Task requirements: Although the entries hold pictures, only their words are printed back, exactly as given.

(Dataset excerpts)
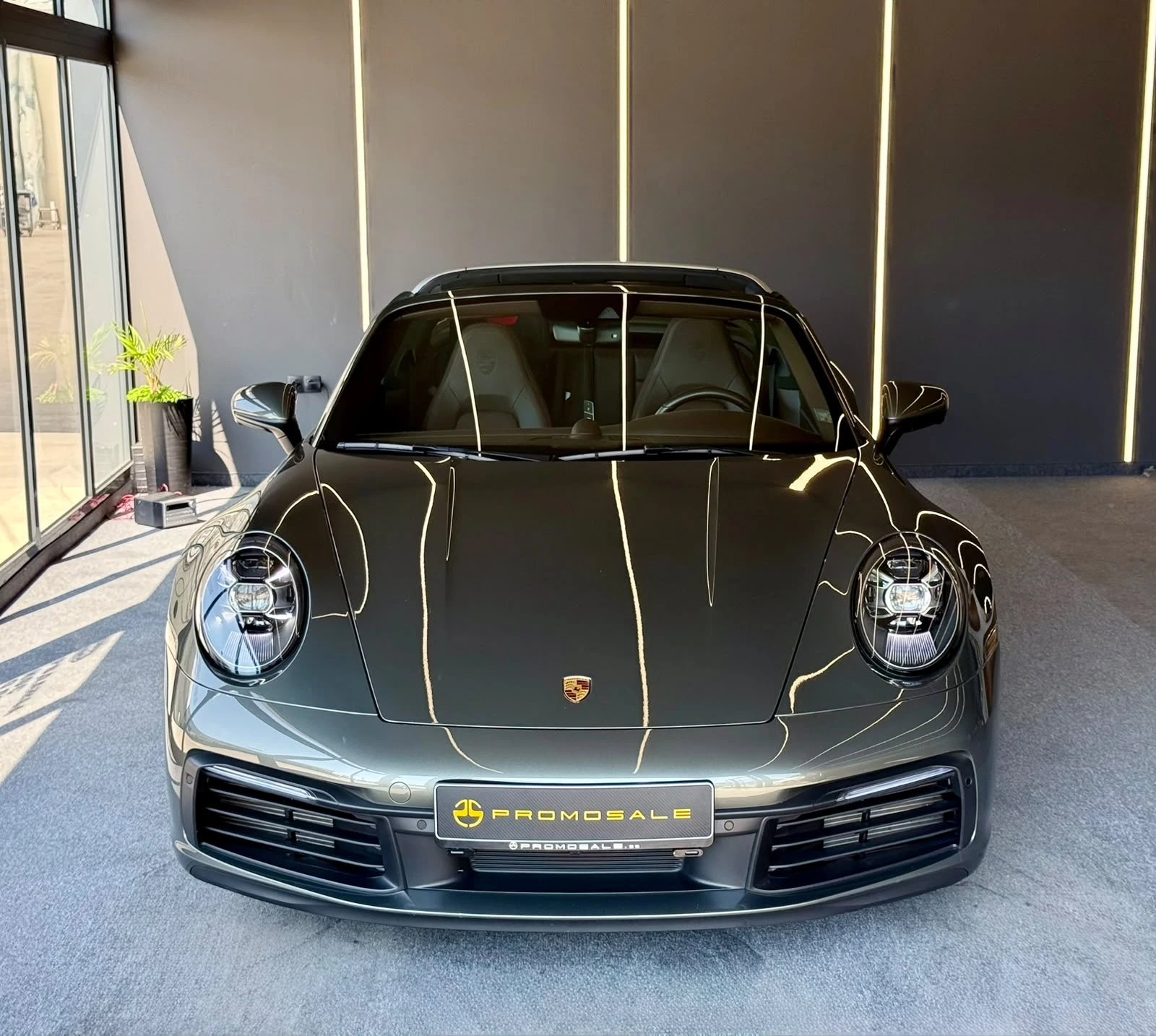 Porsche 911 Targa 4* PPF* Поръчково изпълнение* ЛИЗИНГ, снимка 2 - Автомобили и джипове - 55295746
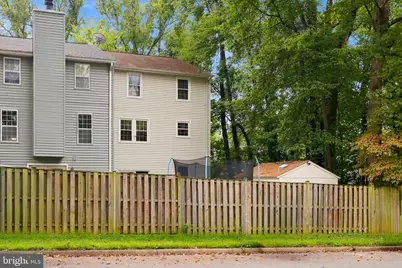 10008 Chestnut Wood Lane, Burke, VA 22015 - Photo 4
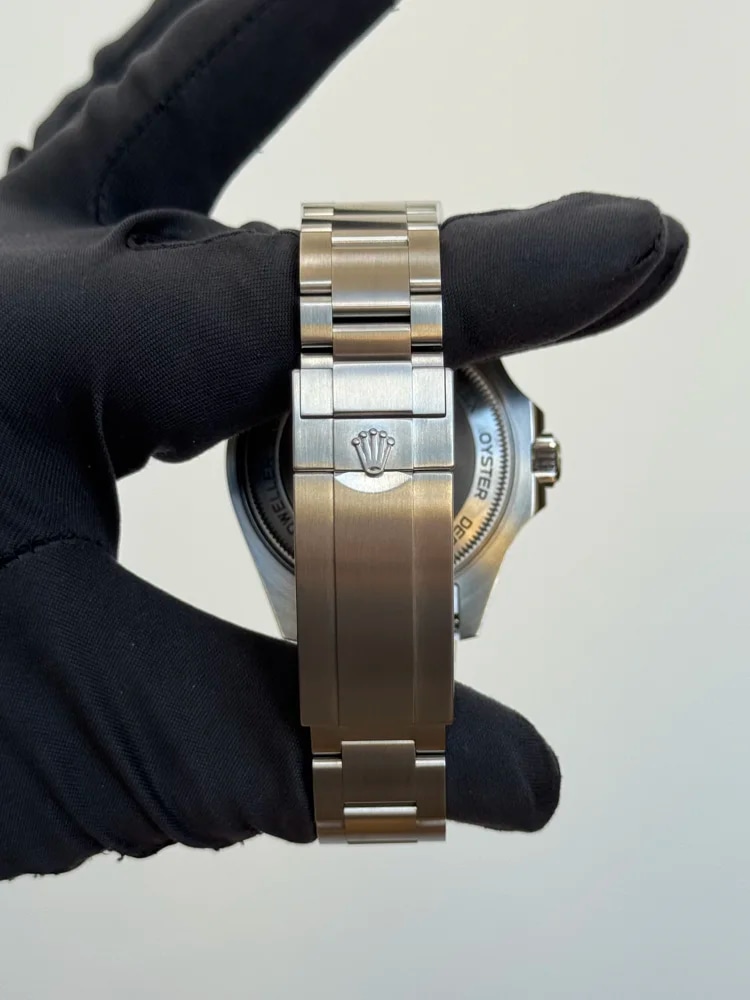 Full Set 2023, image 4 Full Set 2023, image 4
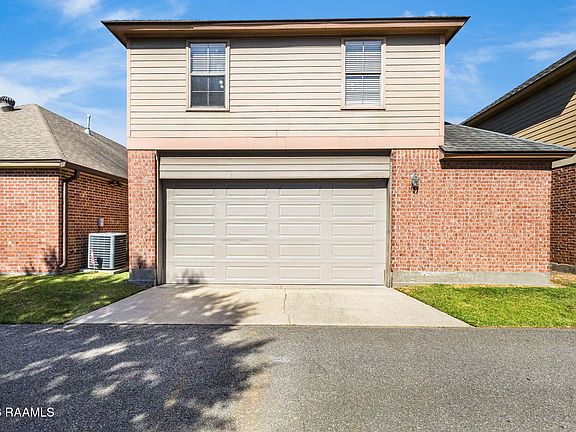 3rd image of 117 Warmstone Bridge Dr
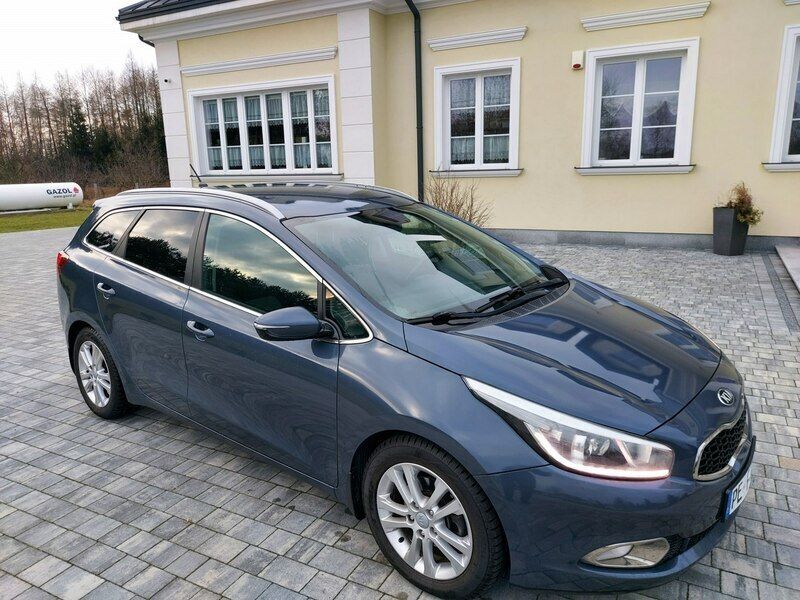 Używany Kia Ceed 135 KM (99 kW) 2012 Szary (metalik) Hatchback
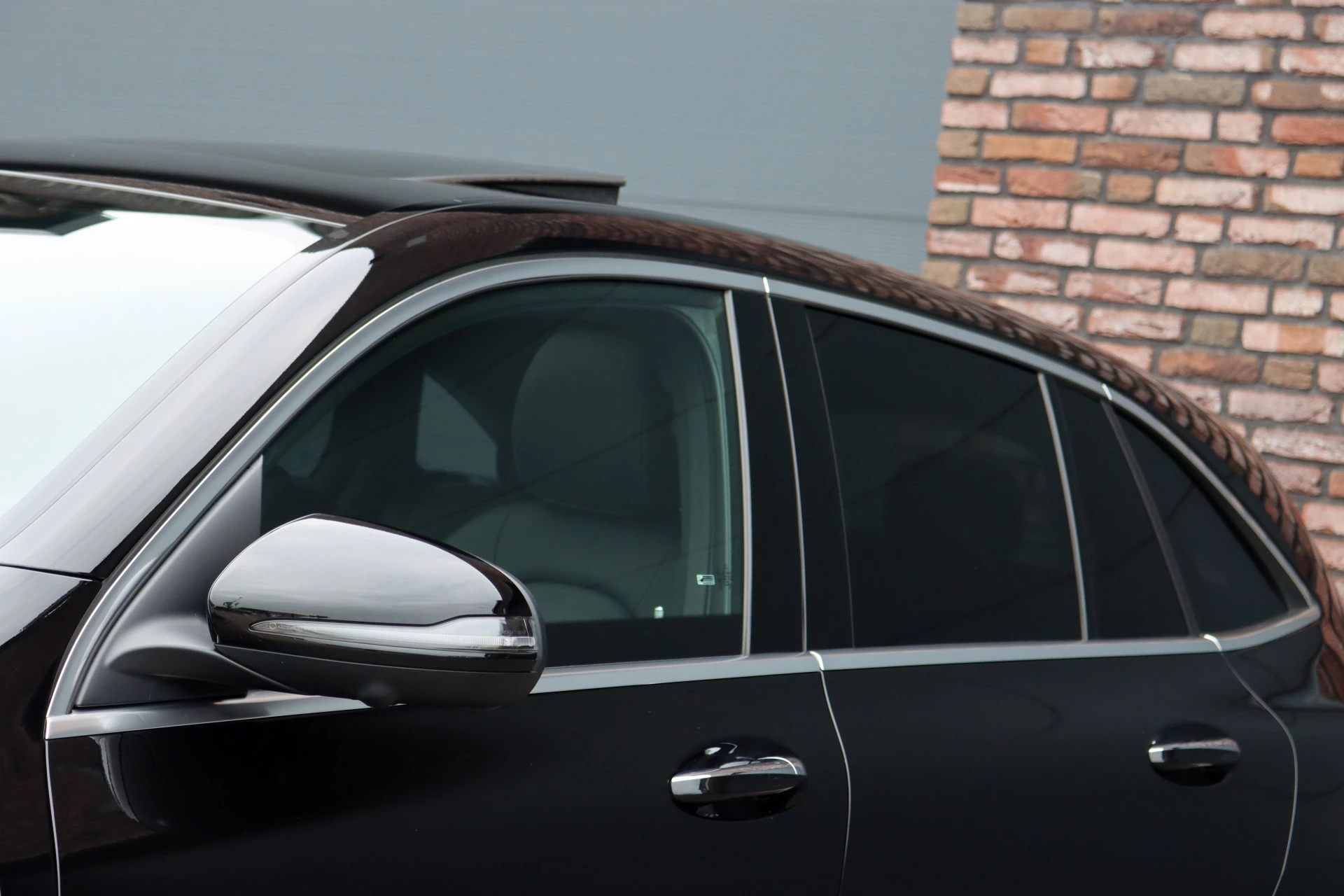 Hoofdafbeelding Mercedes-Benz EQC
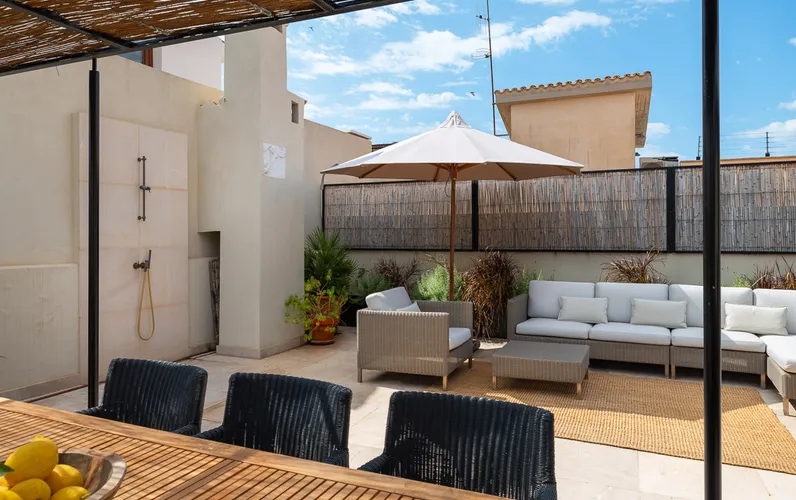 Elegant townhouse with terrace in Calatrava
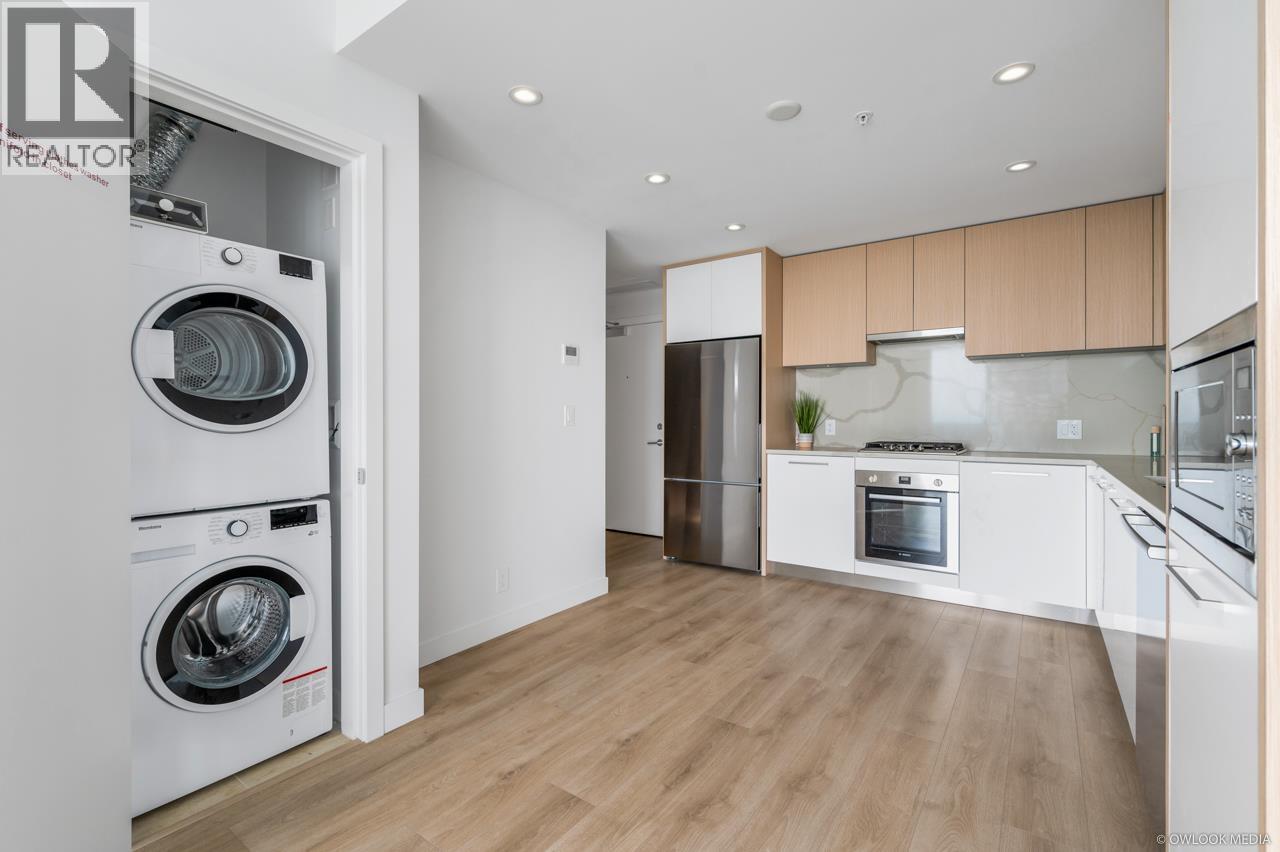 2607 567 CLARKE ROAD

Answer for the task:
 Porsche 911 Targa 4* PPF* Поръчково изпълнение* ЛИЗИНГ, снимка 2 - Автомобили и джипове - 55295746
 10008 Chestnut Wood Lane, Burke, VA 22015 - Photo 4
 Full Set 2023, image 4 Full Set 2023, image 4
 3rd image of 117 Warmstone Bridge Dr
 Używany Kia Ceed 135 KM (99 kW) 2012 Szary (metalik) Hatchback
 Hoofdafbeelding Mercedes-Benz EQC
 Elegant townhouse with terrace in Calatrava
 2607 567 CLARKE ROAD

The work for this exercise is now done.